3: Pick out the columns to save in the order you want to see them.

11.7 Check your work and save

Check your data by “glimpsing” it:

top100_clean |> 
  glimpse()

Rows: 341,300
Columns: 7
$ chart_date   <date> 2022-01-01, 2022-01-01, 2022-01-01, 2022-01-01, 2022-01-…
$ title        <chr> "All I Want For Christmas Is You", "Rockin' Around The Ch…
$ performer    <chr> "Mariah Carey", "Brenda Lee", "Bobby Helms", "Burl Ives",…
$ this_week    <dbl> 1, 2, 3, 4, 5, 6, 7, 8, 9, 10, 11, 12, 13, 14, 15, 16, 17…
$ last_week    <dbl> 1, 2, 4, 5, 3, 7, 9, 11, 6, 13, 15, 17, 18, 0, 8, 25, 19,…
$ wks_on_chart <dbl> 50, 44, 41, 25, 11, 26, 24, 19, 24, 15, 31, 18, 14, 1, 49…
$ peak_pos     <dbl> 1, 2, 3, 4, 1, 5, 7, 6, 1, 10, 11, 8, 12, 14, 7, 16, 12, …

Note the new data type for the chart_date, and the order of the columns along with the clean names.

Now save your data as an R data file (called an “RDS” file) like this:

saveRDS(top100_clean, file="hit100.RDS")

Try to process your Quarto document into a self-contained HTML page by pressing the Render button at the top of the document. You might get some errors – that’s ok for now. You’ve already done a lot.
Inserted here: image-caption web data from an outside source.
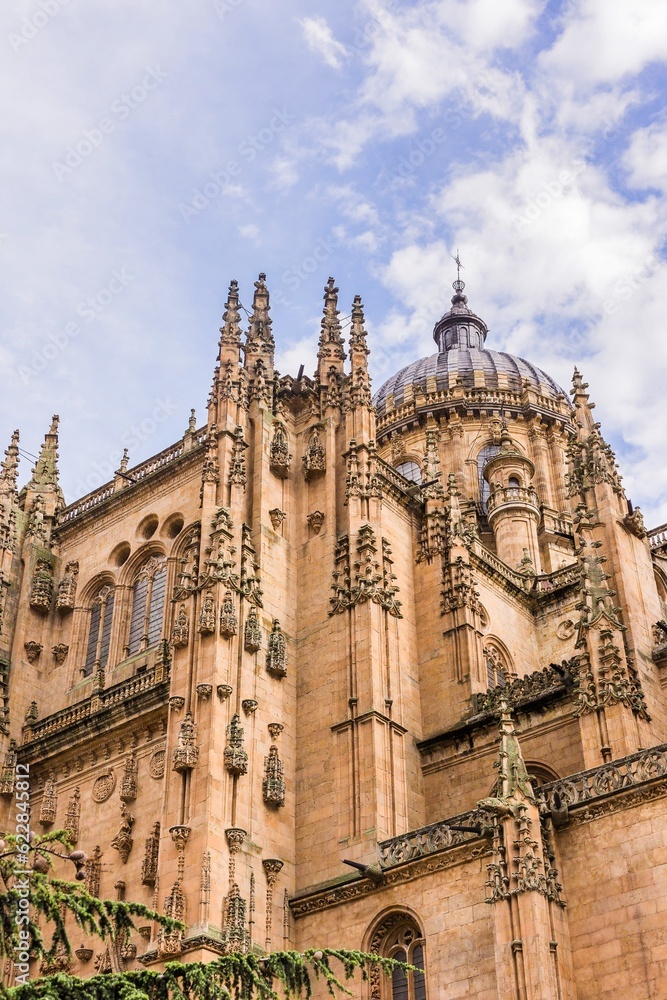 Salamanca cathedral architecture detail with no people. Castile and leon baroque and gothic facade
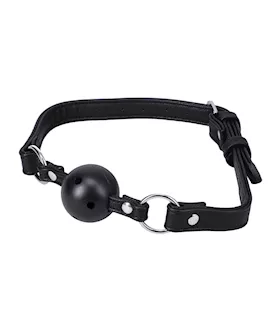 Ball Gag In A Bag Black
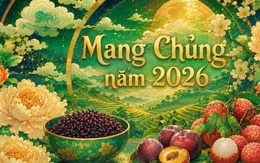 Mang Chủng là gì?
You’ll see how to load data that starts as an R data file in the next chapter.

11.8 What we did

Created a new Quarto document and added the packages (libraries) we plan to use.
Imported a comma-separated text file from the web into a data frame object called top100.
Took a look at it in several different ways.
Created a second data frame from the first, with names and dates fixed, with only some columns picked out and displayed in a new order.
Saved it into the project for use in another program.

What you should do next

Before you put away your Quarto file, remember the principles of scripted data and documentation. Take a few minutes to clean up and document your work by narrating each step, including:

Sub-headings for each of the steps
Introductory text describing what you are about to do
Maybe: Some text after the chunks that describe meaningful output or things you notice about the result.

If you’re stuck, you can use the template I created as a starting point.

And breathe

You’ve now created a full, working R program in Quarto format that can serve as a model for everything you do in the future. Congratulate yourself and take a break!